Europe’s STOXX 600 was down 0.3 percent in early deals.
Germany’s trade-sensitive DAX was down 0.7 percent amid jitters about talks between China and the United States next week over their protracted trade spat. Washington will impose a new batch of tariffs on Chinese goods on March 2.
Bank stocks were some of the few gainers in early deals as Italy’s biggest bank UniCredit reported consensus-busting fourth-quarter results, bringing some much-needed cheer to the battered euro-zone sector.
UniCredit rose 2.7 percent, while Banco BPM was also up 1.8 percent after its results.
Societe Generale eked out gains even after it slashed its profitability targets hit by the market downturn last year.
Some of the bad news was priced in after its results warning in January, and investors also drew comfort from the French bank’s earnings presentation, which allayed worries about the need for a capital injection, traders said.
Elsewhere earnings news was largely downbeat.
Publicis dropped 14 percent as the world’s No. 3 advertising company’s results failed to win over investors and analysts who honed in on weaker-than-expected revenues. It dragged WPP down with it.
Tour operator TUI poured more cold water on the travel sector, the latest to blame last summer’s hot weather and the weaker pound for weaker-than-expected profits.
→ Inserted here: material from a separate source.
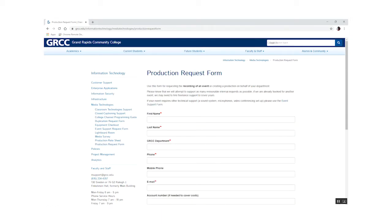Keep in mind that you might need a technician there for other parts of your event. If so, don't forget to also fill out an event request form located on the same page. With both productions and events, please give us as much lead time as possible. The earlier we know about your event, the better we can help you.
The London-listed shares sank 15 percent to the bottom of the FTSE 100, hitting their lowest since April 2017.
Small-cap UK rival Thomas Cook rallied more than 9 percent after announcing a strategic review, including a possible sale of its airline business, as the world’s oldest travel company seeks to cut debt and restore investor confidence after two profit warnings late last year.
GEA Group sank 14 percent to the bottom of the STOXX 600 after the German food processing machinery maker scrapped its mid-term targets and flagged a profit decline this year. (Reporting by Josephine Mason, Editing by Helen Reid)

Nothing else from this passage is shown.